Captioned web image data:
********

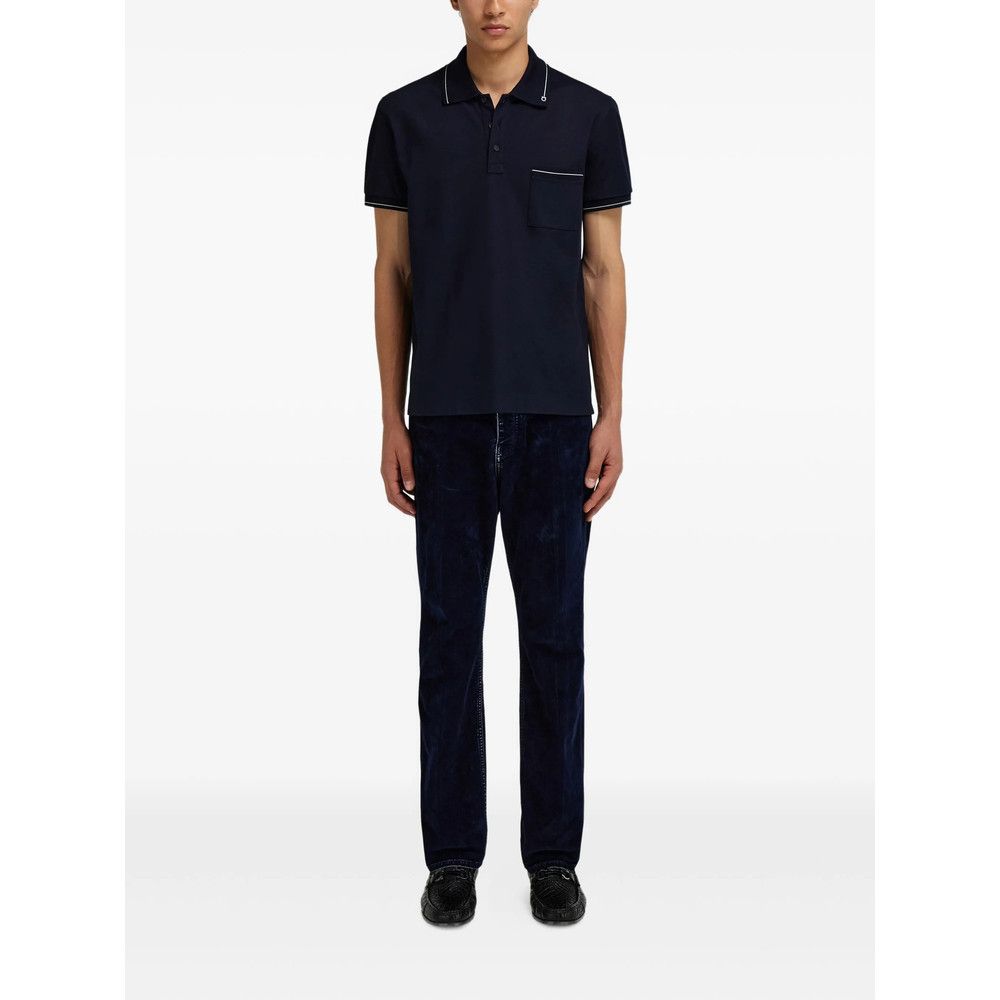 Salvatore Ferragamo Ferragamo BLUE Polo Shirts Size US XL / EU 56 / 4 - 4 Thumbnail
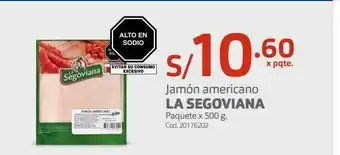 Makro Jamón americano la segoviana oferta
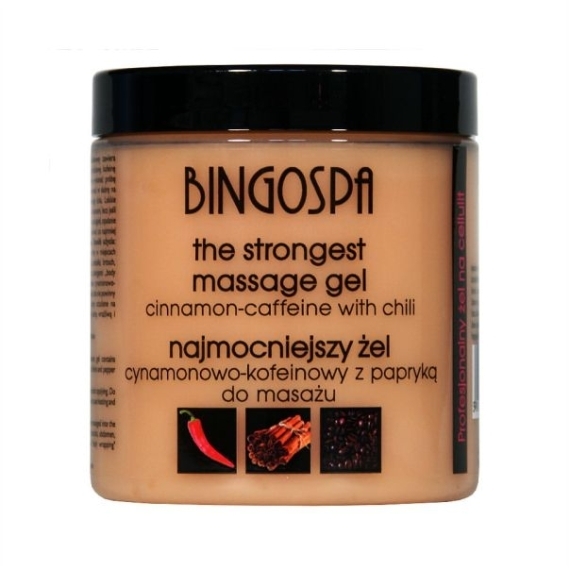 BINGOSPA Najmocniejszy żel cynamonowo - kofeinowy z papryką 250 g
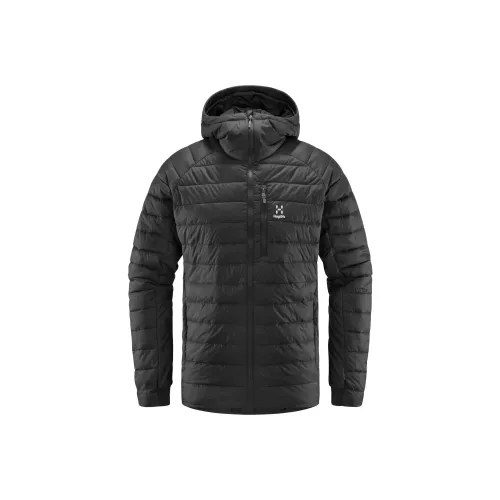 HAGLÖFS Spire Mimic Hood Men Куртки Пальто Мужской Черный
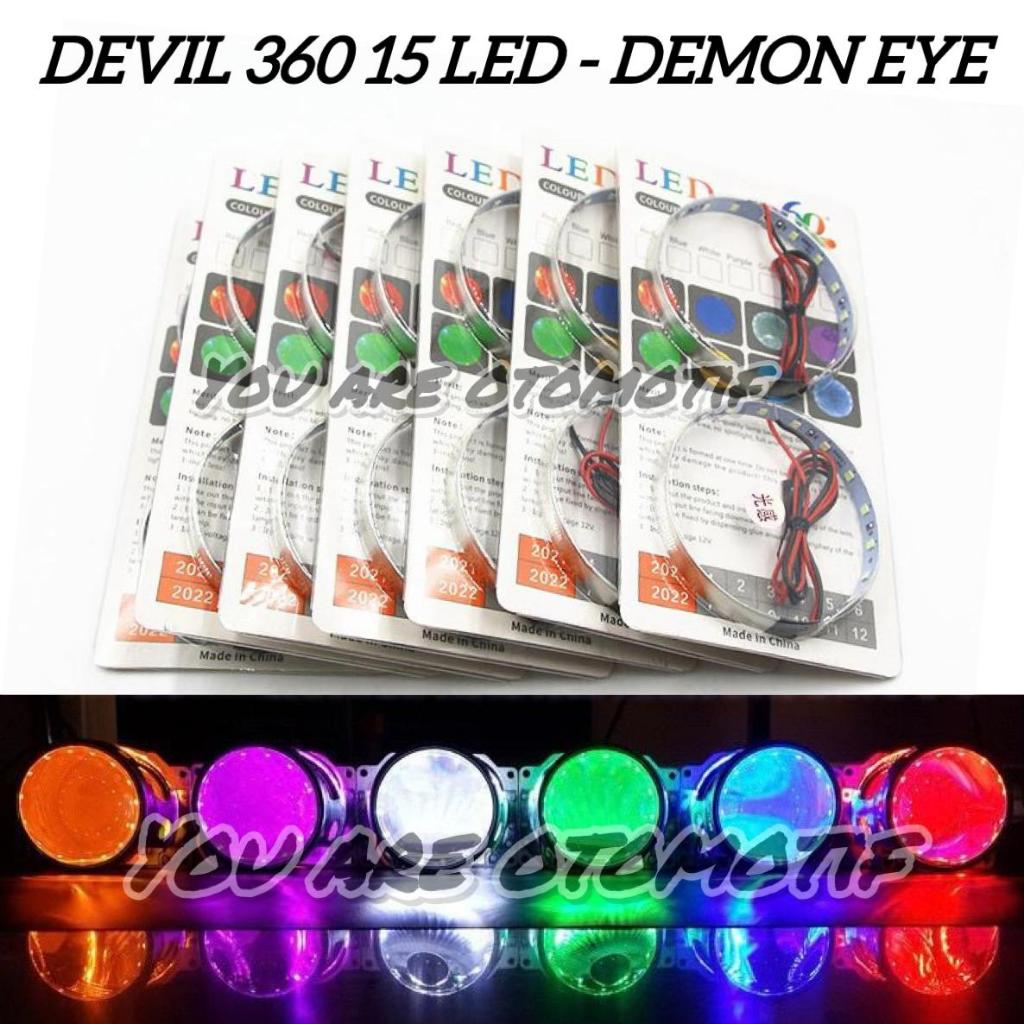 Jual UR Devil Eye 360 Biled 15 Led Demon Eye 360 Projector Untuk Biled ...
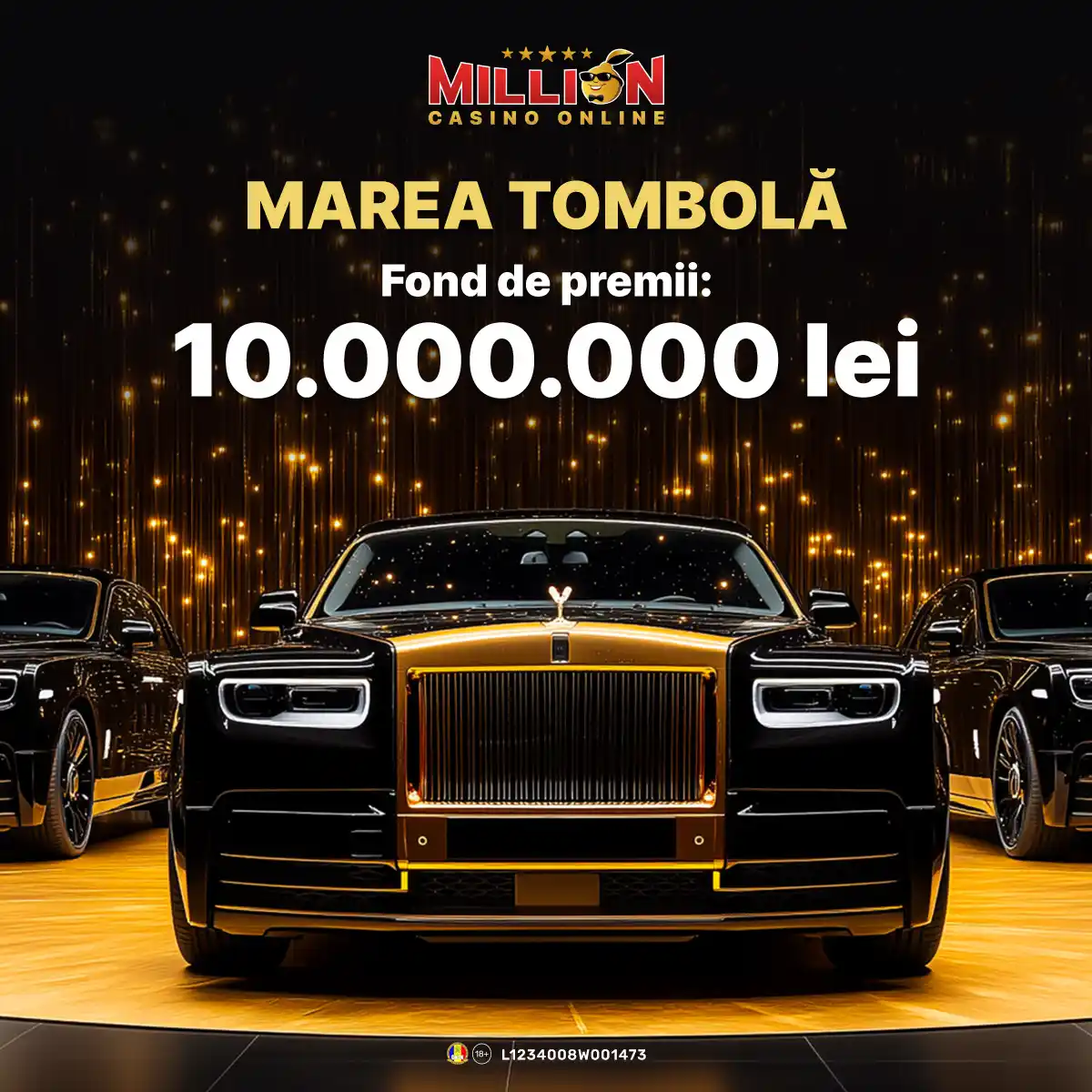 Image from Million Casino: 🏆 *Marea Tombolă a Anului* continuă pe 🍋 *Million Casino* şi te aște...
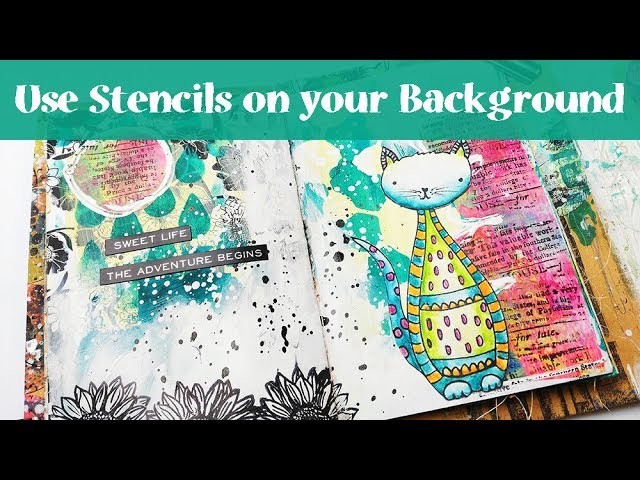 Art journal page Tutorial with Gelli Printed Deli Paper
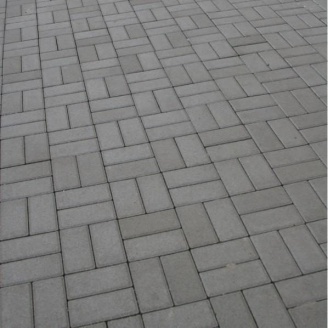 Тротуарная плитка Золотой Мандарин Кирпич стандартный 200х100х40 мм серый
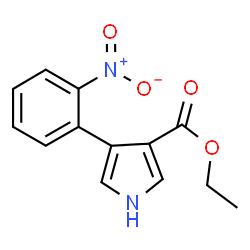 4-(2-NITROPHENYL)-1H-PYRROLE-3-CARBOXYLIC ACID ETHYL ESTER Structure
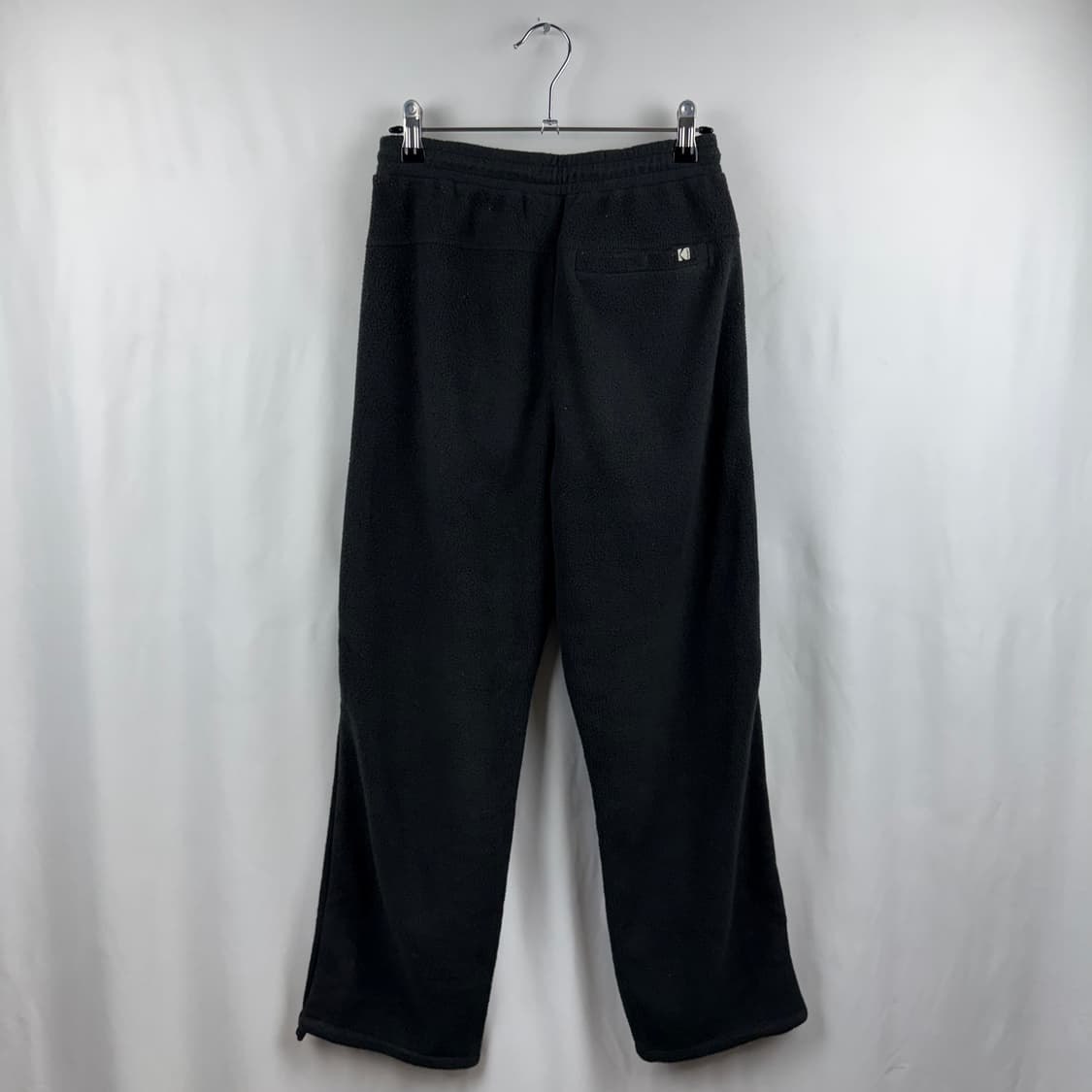 (S) 코닥 플리스 스트링 팬츠 블랙 상품이미지5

********

Required action:
Please copy the data above exactly, omitting the pictures.

Expected answer:
 Salvatore Ferragamo Ferragamo BLUE Polo Shirts Size US XL / EU 56 / 4 - 4 Thumbnail
 Makro Jamón americano la segoviana oferta
 BINGOSPA Najmocniejszy żel cynamonowo - kofeinowy z papryką 250 g
 HAGLÖFS Spire Mimic Hood Men Куртки Пальто Мужской Черный
 Jual UR Devil Eye 360 Biled 15 Led Demon Eye 360 Projector Untuk Biled ...
 Image from Million Casino: 🏆 *Marea Tombolă a Anului* continuă pe 🍋 *Million Casino* şi te aște...
 Art journal page Tutorial with Gelli Printed Deli Paper
 Тротуарная плитка Золотой Мандарин Кирпич стандартный 200х100х40 мм серый
 4-(2-NITROPHENYL)-1H-PYRROLE-3-CARBOXYLIC ACID ETHYL ESTER Structure
 (S) 코닥 플리스 스트링 팬츠 블랙 상품이미지5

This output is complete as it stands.